Exercise inputs below:
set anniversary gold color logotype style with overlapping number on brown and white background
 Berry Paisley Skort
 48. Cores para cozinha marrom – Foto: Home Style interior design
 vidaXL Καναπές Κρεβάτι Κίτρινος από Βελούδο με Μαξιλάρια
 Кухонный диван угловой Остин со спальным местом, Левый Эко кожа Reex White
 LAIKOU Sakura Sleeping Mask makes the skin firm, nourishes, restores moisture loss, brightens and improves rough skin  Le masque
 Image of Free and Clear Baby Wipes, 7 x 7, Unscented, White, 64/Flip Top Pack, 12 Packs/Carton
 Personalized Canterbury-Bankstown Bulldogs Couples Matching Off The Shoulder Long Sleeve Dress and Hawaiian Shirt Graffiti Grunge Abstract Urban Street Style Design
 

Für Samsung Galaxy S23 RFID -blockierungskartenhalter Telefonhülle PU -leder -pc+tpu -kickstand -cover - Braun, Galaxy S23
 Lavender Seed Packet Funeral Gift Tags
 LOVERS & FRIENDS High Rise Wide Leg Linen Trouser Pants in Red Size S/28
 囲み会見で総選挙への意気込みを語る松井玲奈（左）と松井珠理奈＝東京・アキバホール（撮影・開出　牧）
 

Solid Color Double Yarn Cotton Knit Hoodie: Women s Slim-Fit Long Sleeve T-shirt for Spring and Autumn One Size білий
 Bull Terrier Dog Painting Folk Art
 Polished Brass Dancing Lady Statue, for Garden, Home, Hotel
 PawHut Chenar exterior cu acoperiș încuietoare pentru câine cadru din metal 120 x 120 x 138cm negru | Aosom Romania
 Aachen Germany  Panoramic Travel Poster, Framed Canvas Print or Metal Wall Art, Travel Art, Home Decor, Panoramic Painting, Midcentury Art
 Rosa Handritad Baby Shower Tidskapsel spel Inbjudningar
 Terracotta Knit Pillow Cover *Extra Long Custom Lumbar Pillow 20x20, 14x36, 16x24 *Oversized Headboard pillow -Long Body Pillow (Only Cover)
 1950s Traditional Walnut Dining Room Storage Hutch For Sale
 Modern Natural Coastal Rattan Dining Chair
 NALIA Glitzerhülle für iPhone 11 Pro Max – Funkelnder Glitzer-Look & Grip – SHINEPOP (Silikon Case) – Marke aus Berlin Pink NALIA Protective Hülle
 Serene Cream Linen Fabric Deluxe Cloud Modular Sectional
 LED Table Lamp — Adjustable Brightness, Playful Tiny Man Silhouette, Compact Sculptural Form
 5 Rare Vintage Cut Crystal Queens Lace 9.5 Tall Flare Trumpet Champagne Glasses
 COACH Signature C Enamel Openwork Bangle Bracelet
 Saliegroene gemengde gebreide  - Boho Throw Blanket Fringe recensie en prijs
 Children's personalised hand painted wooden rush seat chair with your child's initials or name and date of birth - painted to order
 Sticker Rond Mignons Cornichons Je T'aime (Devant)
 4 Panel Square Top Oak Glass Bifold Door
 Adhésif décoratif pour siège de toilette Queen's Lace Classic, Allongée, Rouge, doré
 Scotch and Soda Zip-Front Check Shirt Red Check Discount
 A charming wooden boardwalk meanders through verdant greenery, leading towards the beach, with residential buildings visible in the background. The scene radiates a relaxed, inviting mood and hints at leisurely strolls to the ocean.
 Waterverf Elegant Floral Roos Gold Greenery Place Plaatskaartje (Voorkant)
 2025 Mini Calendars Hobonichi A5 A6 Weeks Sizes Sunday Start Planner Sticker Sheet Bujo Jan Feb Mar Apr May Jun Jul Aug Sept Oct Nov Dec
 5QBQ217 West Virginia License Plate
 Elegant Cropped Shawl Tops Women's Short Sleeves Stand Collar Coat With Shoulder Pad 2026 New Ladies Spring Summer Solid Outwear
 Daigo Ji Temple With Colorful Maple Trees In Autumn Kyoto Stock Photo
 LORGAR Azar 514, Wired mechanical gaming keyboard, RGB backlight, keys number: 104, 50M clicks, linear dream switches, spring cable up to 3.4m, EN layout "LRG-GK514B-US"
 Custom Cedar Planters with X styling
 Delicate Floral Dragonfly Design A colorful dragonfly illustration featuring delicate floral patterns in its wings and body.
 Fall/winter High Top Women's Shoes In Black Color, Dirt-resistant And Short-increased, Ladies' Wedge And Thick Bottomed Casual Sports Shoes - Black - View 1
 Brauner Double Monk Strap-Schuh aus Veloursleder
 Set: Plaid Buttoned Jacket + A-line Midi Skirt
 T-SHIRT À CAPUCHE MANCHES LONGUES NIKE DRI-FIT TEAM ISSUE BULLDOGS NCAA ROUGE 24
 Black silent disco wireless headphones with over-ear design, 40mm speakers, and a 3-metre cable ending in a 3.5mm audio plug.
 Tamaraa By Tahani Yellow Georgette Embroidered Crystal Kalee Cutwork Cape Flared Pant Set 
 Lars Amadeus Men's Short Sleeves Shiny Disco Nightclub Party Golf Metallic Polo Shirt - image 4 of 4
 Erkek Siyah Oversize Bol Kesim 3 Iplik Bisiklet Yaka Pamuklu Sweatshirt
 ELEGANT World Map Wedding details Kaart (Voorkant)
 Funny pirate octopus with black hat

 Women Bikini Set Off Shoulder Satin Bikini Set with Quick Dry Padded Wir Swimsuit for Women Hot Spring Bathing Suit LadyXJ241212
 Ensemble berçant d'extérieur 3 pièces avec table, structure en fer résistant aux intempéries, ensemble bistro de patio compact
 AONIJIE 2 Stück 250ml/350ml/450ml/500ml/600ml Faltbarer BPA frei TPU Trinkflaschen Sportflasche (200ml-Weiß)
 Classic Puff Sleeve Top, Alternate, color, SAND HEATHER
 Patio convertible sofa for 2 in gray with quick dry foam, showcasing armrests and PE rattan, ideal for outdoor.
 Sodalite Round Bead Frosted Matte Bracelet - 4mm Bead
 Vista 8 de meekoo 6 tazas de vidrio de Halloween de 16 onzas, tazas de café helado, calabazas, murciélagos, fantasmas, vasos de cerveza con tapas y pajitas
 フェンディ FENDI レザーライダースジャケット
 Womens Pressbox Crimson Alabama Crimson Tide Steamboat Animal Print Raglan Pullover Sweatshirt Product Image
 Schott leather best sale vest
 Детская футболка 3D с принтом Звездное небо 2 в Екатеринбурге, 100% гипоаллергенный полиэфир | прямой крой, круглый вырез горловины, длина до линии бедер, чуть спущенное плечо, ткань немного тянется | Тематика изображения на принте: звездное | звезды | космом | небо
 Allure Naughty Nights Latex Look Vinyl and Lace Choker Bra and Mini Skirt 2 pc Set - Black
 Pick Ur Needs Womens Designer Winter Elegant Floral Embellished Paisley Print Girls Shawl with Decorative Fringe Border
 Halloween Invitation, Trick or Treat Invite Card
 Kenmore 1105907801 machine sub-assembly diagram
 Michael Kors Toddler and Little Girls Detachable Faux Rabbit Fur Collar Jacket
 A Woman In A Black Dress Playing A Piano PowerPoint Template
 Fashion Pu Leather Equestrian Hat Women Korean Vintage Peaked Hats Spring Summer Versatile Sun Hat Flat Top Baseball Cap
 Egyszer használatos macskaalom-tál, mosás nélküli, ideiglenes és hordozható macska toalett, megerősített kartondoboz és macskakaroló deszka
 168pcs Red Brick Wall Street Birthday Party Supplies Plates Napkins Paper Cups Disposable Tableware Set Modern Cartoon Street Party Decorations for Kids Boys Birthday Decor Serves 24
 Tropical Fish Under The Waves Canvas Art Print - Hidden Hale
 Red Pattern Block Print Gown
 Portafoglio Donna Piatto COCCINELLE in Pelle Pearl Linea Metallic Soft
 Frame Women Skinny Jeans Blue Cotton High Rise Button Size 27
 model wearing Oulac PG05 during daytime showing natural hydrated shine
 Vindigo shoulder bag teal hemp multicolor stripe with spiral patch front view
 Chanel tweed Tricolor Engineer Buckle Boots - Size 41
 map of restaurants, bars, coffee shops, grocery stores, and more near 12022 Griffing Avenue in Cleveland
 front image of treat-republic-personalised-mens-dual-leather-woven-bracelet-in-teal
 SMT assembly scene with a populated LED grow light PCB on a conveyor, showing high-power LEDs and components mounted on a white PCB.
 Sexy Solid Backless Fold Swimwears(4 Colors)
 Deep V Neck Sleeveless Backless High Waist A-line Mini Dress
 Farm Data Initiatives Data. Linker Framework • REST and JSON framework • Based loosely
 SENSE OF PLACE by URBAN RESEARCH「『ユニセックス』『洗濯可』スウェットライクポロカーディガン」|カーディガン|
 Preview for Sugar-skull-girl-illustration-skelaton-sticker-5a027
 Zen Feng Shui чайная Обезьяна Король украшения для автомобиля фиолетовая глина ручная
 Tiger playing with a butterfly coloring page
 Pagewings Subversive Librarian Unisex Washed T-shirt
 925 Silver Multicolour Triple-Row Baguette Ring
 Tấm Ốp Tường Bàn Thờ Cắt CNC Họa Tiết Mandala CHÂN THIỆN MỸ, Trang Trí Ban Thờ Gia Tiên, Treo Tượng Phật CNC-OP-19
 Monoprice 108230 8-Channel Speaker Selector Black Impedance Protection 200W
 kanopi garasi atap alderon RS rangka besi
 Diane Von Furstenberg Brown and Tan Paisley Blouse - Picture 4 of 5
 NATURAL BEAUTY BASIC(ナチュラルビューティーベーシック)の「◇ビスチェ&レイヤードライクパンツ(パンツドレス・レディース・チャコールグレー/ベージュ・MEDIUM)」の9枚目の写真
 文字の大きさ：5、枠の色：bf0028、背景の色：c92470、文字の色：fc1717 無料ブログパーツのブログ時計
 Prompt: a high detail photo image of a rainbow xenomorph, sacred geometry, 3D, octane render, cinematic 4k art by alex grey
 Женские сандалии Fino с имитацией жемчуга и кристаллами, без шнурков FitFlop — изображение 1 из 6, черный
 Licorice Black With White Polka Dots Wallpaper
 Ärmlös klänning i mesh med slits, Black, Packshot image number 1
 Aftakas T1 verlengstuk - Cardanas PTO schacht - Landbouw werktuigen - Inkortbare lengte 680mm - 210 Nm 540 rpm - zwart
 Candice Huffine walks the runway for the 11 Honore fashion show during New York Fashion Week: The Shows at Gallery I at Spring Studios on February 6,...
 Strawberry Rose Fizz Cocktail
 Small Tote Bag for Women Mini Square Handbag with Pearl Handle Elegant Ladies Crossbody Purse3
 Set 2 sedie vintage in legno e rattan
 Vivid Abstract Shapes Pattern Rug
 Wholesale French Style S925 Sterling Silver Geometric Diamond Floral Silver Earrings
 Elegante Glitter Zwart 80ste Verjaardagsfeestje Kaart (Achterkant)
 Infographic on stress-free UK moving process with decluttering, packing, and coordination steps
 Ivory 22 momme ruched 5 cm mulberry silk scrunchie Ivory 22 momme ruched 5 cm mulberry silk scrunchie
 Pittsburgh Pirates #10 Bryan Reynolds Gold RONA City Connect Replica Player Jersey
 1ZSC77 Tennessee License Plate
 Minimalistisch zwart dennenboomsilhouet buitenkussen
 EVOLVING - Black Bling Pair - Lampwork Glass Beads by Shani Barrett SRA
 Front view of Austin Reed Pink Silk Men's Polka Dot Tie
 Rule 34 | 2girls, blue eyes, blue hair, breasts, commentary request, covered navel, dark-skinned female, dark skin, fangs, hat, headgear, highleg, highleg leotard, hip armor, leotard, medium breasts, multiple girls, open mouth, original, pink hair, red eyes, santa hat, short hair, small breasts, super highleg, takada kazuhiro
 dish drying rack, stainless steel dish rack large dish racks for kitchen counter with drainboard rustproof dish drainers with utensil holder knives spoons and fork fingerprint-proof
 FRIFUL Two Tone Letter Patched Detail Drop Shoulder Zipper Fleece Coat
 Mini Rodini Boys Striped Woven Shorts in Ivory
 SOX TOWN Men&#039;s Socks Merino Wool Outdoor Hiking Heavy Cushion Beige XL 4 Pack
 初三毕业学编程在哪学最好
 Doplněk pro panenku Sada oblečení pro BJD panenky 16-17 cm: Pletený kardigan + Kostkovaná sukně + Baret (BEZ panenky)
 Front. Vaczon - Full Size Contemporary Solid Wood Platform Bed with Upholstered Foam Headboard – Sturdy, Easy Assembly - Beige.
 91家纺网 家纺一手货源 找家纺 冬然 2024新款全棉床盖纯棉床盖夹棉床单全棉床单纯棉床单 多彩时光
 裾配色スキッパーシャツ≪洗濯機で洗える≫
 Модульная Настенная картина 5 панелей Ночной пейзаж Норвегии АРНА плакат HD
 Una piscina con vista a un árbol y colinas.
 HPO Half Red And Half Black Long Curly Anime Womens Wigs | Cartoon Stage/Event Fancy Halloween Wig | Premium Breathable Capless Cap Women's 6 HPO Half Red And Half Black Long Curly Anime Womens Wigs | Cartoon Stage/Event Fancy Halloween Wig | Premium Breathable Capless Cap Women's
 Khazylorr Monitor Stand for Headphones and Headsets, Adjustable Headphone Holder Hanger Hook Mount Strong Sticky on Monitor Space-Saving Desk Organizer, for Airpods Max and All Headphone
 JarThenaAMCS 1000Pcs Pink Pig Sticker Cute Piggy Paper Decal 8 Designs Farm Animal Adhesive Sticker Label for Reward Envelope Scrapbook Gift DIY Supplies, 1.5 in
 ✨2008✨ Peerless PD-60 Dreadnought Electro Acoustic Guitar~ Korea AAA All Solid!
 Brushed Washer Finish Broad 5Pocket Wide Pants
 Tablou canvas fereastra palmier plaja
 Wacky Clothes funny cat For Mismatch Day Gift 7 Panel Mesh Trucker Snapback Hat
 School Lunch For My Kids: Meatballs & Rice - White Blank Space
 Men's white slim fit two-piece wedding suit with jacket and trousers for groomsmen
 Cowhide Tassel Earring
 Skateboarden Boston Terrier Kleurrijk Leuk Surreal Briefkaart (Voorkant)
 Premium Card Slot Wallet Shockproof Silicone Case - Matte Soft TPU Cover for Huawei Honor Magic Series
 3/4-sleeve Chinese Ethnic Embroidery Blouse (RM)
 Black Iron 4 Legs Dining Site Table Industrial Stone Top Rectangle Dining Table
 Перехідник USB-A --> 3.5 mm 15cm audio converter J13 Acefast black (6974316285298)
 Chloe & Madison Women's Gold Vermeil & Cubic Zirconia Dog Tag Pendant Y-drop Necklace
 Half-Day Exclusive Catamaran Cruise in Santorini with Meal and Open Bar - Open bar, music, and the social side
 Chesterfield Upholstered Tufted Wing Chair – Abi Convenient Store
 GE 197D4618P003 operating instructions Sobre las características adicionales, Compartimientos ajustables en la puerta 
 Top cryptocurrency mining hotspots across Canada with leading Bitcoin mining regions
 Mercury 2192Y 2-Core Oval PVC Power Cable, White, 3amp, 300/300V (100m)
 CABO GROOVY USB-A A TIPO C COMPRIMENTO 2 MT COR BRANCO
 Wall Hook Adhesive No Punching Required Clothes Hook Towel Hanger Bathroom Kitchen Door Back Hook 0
End of Exercise inputs.
Try it: Only a number is expected: the count of lines in the data that contain the word "Ivory".

Reply to the task: 2